Le 1er février 2005 un avenant au contrat de travail était régularisé aux termes duquel lui était confié le poste d’infirmière référente et la rémunération correspondant au coefficient 320 position 2 niveau 3, statut agent de maîtrise.
Depuis juillet 2009, elle bénéficiait du coefficient 323, agent de maîtrise moyennant un salaire de 2 721,36 euros bruts.
Au mois de décembre 2009 elle était informée de la reprise de la Résidence Y par le groupe ' MAISON DE FAMILLE’ .
Mme D a saisi le conseil de prud’hommes de Carcassonne suivant requête reçue au greffe le 19 octobre 2011 d’une demande tendant à entendre déclarer fondée à solliciter sa réaffectation sur un poste d’infirmière coordinatrice;
Elle a été convoquée par son employeur le 22 février 2012 à un entretien préalable, mise à pied à titre conservatoire le 23 février 2012 puis licenciée pour faute grave le 15 mars 2012.
Elle a alors ajouté à sa demandes initiales des demandes indemnitaires pour licenciement abusif et vexatoire.
Par jugement en date du 20 novembre 2012 le conseil a statué en ces termes:
'Dit que Mme V-S D exerçait les fonctions d’infirmière coordinatrice.
Dit qu’elle était fondée à solliciter le maintien à son poste d’infirmière coordinatrice.
Dit que la mise à pied conservatoire est injustifiée et annule cette mise à pied.
Dit que le licenciement prononcé à l’encontre de Mme D est dépourvu de cause réelle et sérieuse.

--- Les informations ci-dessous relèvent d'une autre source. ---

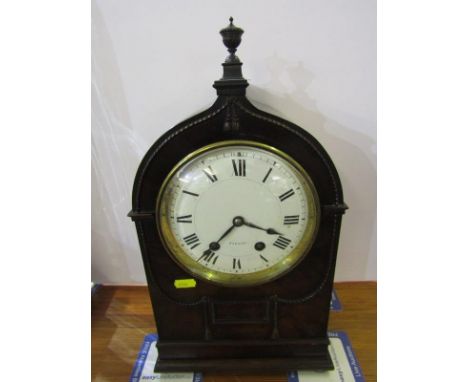 GEORGIAN DESIGN MAHOGANY BRACKET CLOCK, coiled bar strike French movement and white enamel face, 16" height 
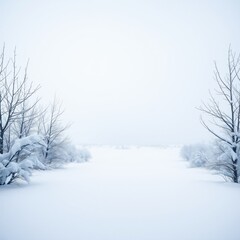 Fototapeta premium winter landscape with bare, snow-covered trees and pristine white icy ground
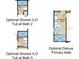 Optional bathroom floor plans for the secondary and primary bathrooms at 5224 Stone Ridge Pl, St Cloud, FL 34771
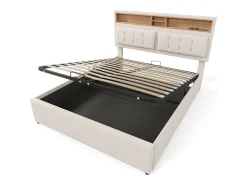 Cama de arrumação 140x200 cm em tecido de linho - cabeceira ajustável com tomadas - com base de ripas - Bege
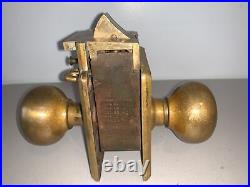 Antique Brass CORBIN Passage Door Lock Solid Brass Patent 1899-1905 VERY NICE
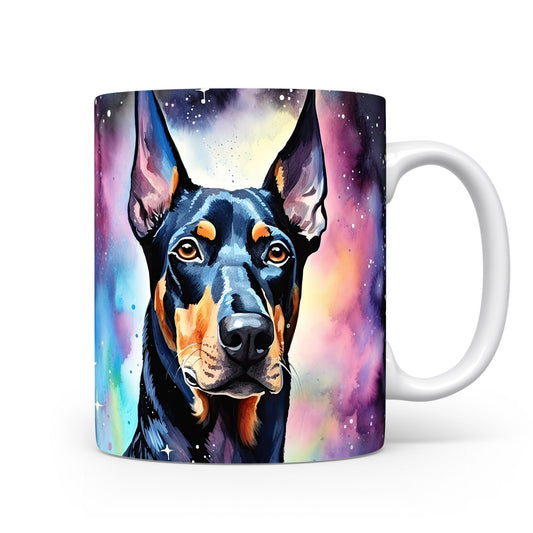 Hrnek s Dobermanem a barevným efektem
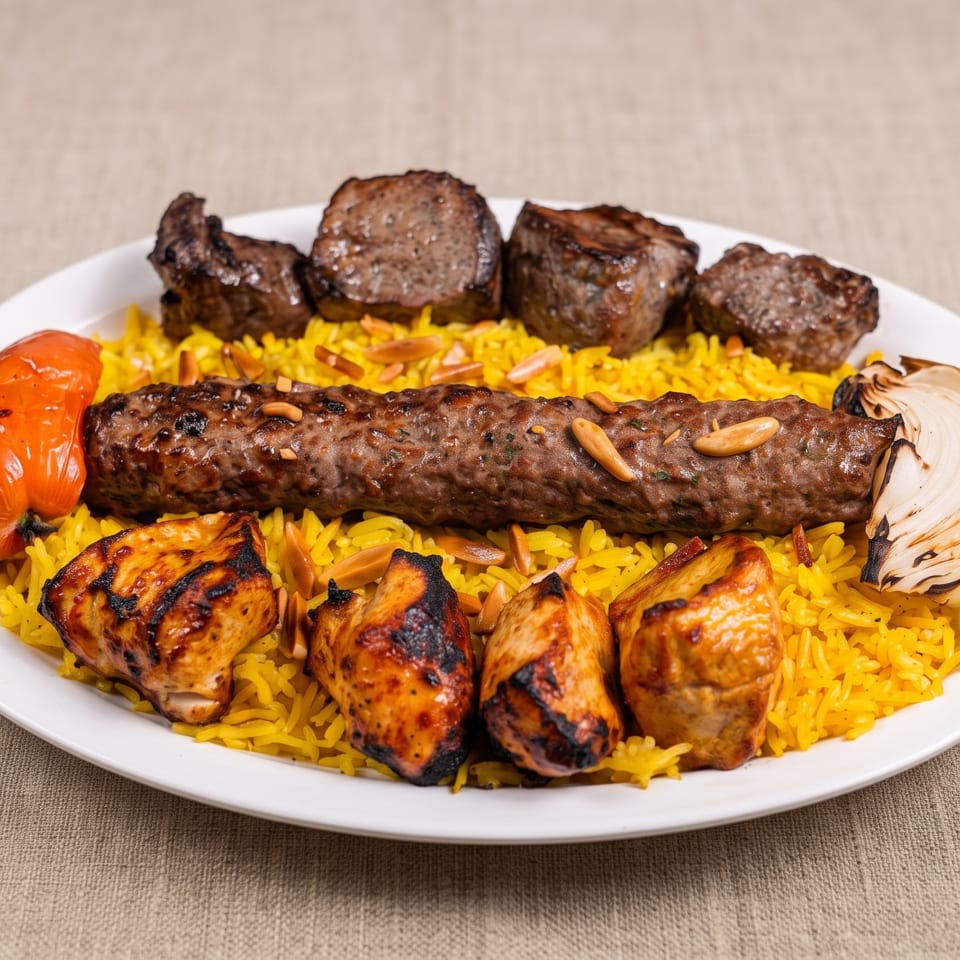 Grilled kebabs, chicken pieces, roasted tomato and onion served over saffron rice with toasted almonds.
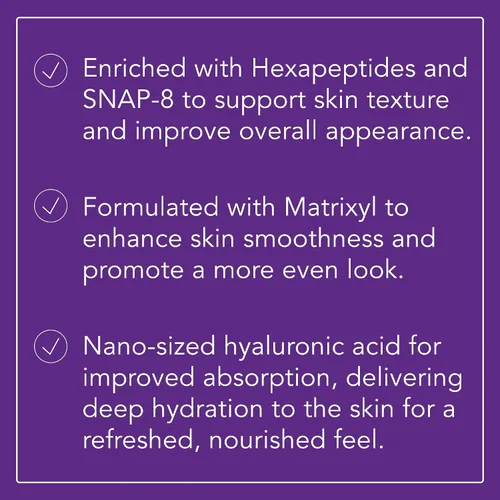 Vista 3 de Omni Bioceuticals Suero hialurónico rejuvenecedor con hexapéptidos, hidratación profunda, relleno instantáneo, absorción rápida, péptido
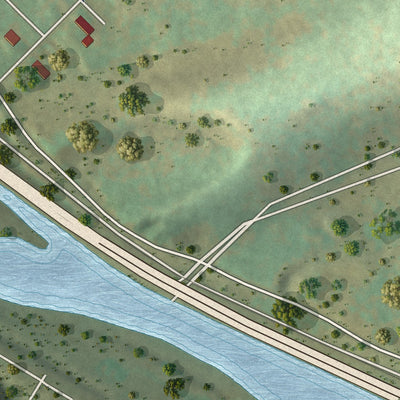 Second close-up of the map of Bowmanstown, Pennsylvania print showing more streets and buildings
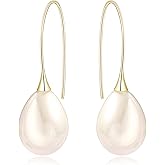 Voaino 925 Sterling Silver Big White Teardrop Pearl Dangle Drop Earrings for Women Lightweight Simple Gold Hoop Dainty Pearl Dangling for Brides Weddings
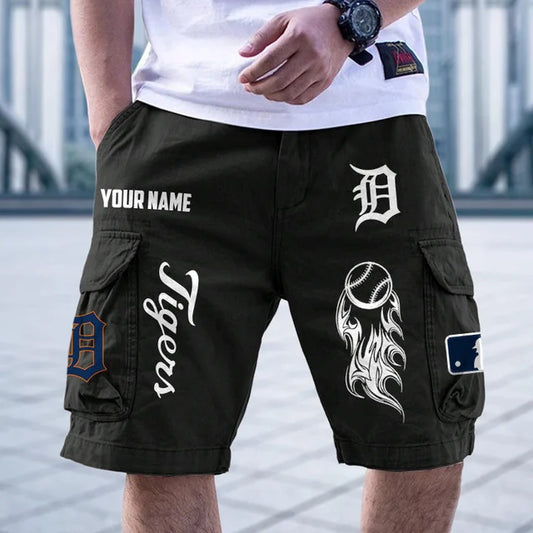 [HOMERUN DEAL] NEW CUSTOMIZED MLB16 DTS DETROIT TIGERS MEN'S CARGO SHORTS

Dit qu’il revêt le caractère d’un licenciement abusif.
Dit qu’il est intervenu de manière vexatoire.
Condamne la SAS MAISON DE FAMILLE Y à payer à Mme D les sommes suivantes:
-50 000 euros au titre du licenciement sans cause réelle et sérieuse et vexatoire
-6 648,74 euros brut d’indemnité compensatrice de préavis
-5 651,43 euros bruts d’indemnité de licenciement
Ordonne à l’employeur de délivrer à Mme D les documents rectifiés
Reçu pour solde de tout compte
Certificat de travail
Attestation de chômage
Condamne l’employeur au paiement de la somme de 1 250 euros sur le fondement de l’article 700 du Code de procédure civile
Condamne l’employeur aux entiers dépens de l’instance
Déboute les parties de leurs autres demandes.'
Ce jugement a été notifié à la SAS MAISON DE FAMILLE par courrier recommandé avec demande d’avis de réception signé le 12 Décembre 2012.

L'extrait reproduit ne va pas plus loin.